Across the aisle in the arthouse space, Mubi’s Annette arrives in 146 cinemas less than two months after it opened the 2021 Cannes Film Festival. Carax’s musical, with both story and songs written by Ron and Russell Mael of US pop band Sparks, centres a stand-up comedian and his opera singer wife, whose two-year-old daughter has a surprising gift.
Despite its substantial release, the film has not been picked up by any Curzon venues. It is playing in Cineworld, Odeon, Vue, Picturehouse and Everyman cinemas among others. Mubi and Curzon have a chequered recent past, with the exhibitor playing select Mubi titles such as First Cow, but not others, such as Ben Sharrock’s Limbo.

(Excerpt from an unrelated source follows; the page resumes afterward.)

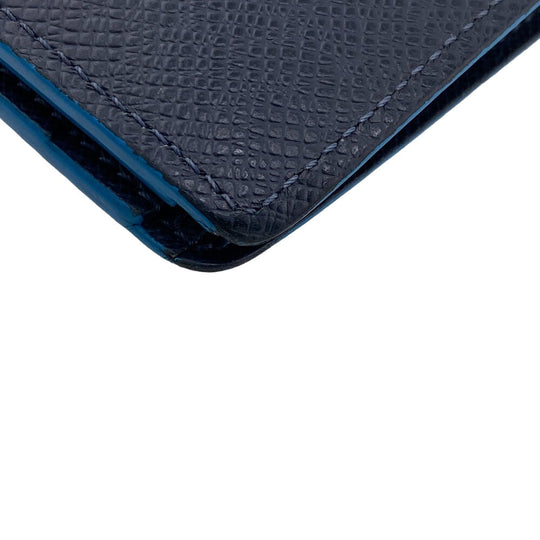 LOUIS VUITTON Bill Compartment M30381 leather Navy Taiga Portefeuille Multripru mens Used Authentic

Screen has contacted both Mubi and Curzon for comment.
Annette is French director Carax’s sixth feature, although he went 13 years without making one between 1999’s Pola X and 2012’s Holy Motors, which took £243,320, through Curzon.
Adam Driver and Marion Cotillard lead the film. Both are reliable box office draws in both mainstream and indie films; Driver through the recent Star Wars trilogy (2015’s Star Wars: The Force Awakens is still the highest-grossing film of all time in the UK and Ireland, with £123.2m) and Jim Jarmusch’s 2016 Paterson (£685,544); and Cotillard through Christopher Nolan’s Inception (£35.8m) and The Dark Knight Rises (£56.4m), and 2007’s La Vie En Rose (£1.7m), for which she won the Oscar for best actress.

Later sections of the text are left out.